Research continually shows that organisations with constructive cultures are seen as great places to work. Such organisations are more likely to have high-performance cultures with high levels of employee engagement. So why don't all organisations have the constructive working relationships that enable productive work?

When trying to resolve these issues, leadership teams often talk about culture. They target organisational values or behaviours. Time and time again the focus moves to individuals and not the working environment that creates conflict in the first place. 

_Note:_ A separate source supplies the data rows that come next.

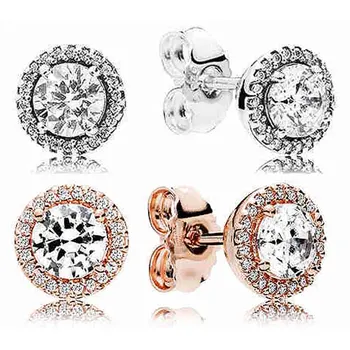 

New 925 Sterling Silver Earring Classic Elegance With Clear Crystal Stud Earrings For Women Wedding Gift Fine Pandora Jewelry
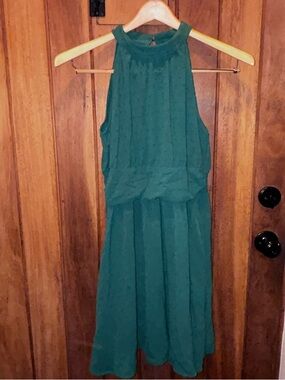 Sleeveless Hunter Green Halter Midi Dress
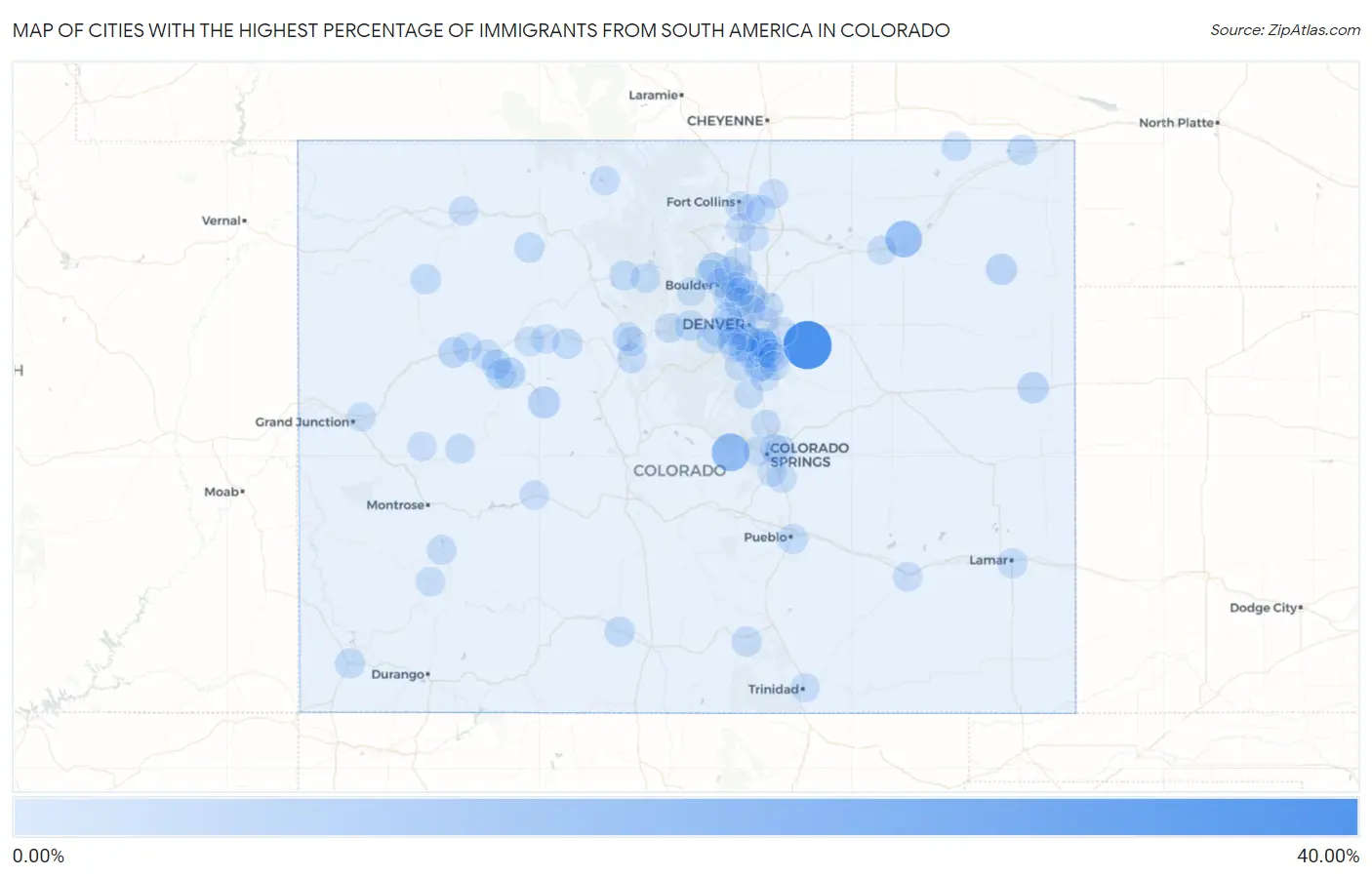 Cities with the Highest Percentage of Immigrants from South America in Colorado Map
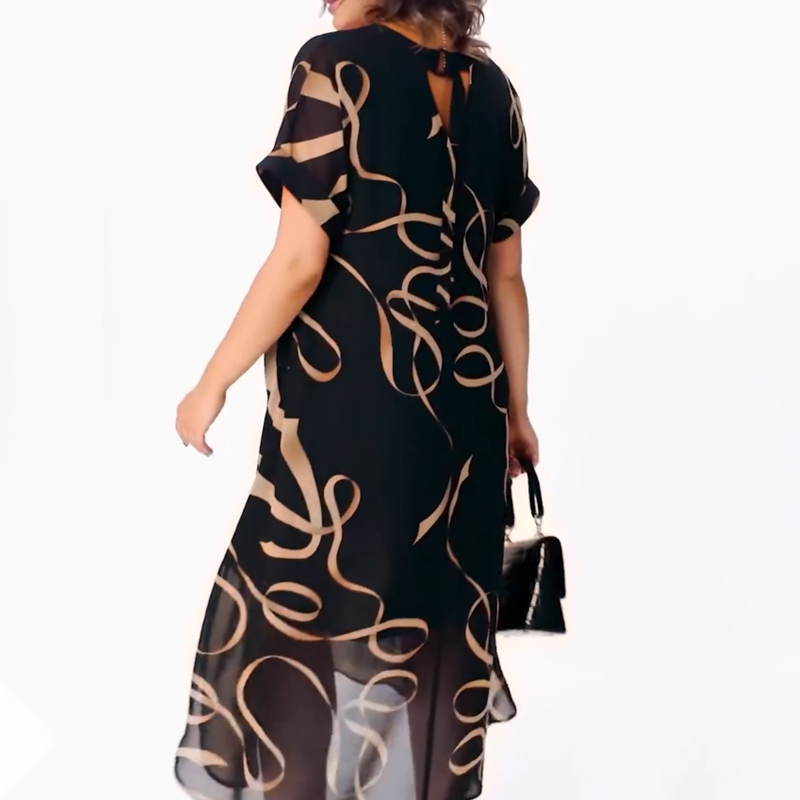 🎁2025 Meilleures ventes🌟Robe midi fluide avec décolleté en V(🔥53% de réduction)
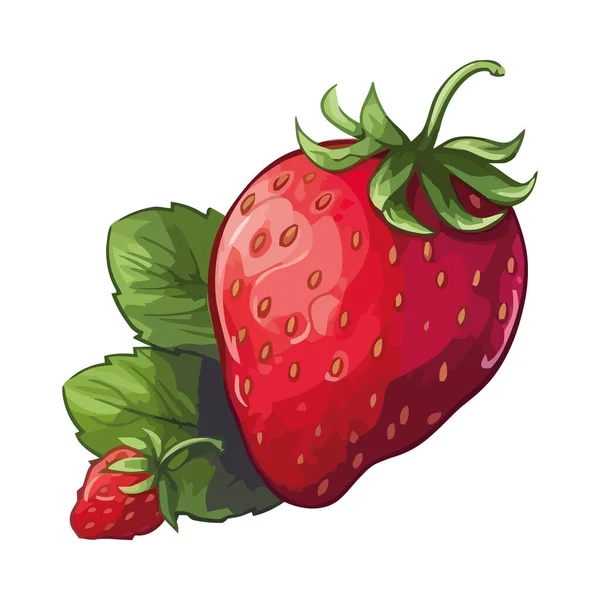 多汁的成熟草莓 甜甜的小点心图标隔离 — 图库矢量图片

Conflict at work usually occurs when people are not able to perform their work or when expectations cannot or are not met. This manifests itself in the use of poor behaviour by one or both of parties concerned. The causes of failure are often outside the control of the individual or groups concerned, so if the causal factors are not changed, the conflict will remain unresolved. Furthermore, team members may inappropriately seek protection and support from others, thus creating third parties to the manager-employee relationship and spreading the conflict.

What is needed is an approach that considers the whole working environment, not an assumption that something is wrong with the individual, while leaving the causes unattended. While good interpersonal skills are part of the solution, they have limited value in a workplace or a working relationship which is otherwise flawed in its design or is subject to ineffective leadership.

Model for building constructive working relationships

Creating conditions for a constructive working culture requires a holistic approach with actions in six different areas.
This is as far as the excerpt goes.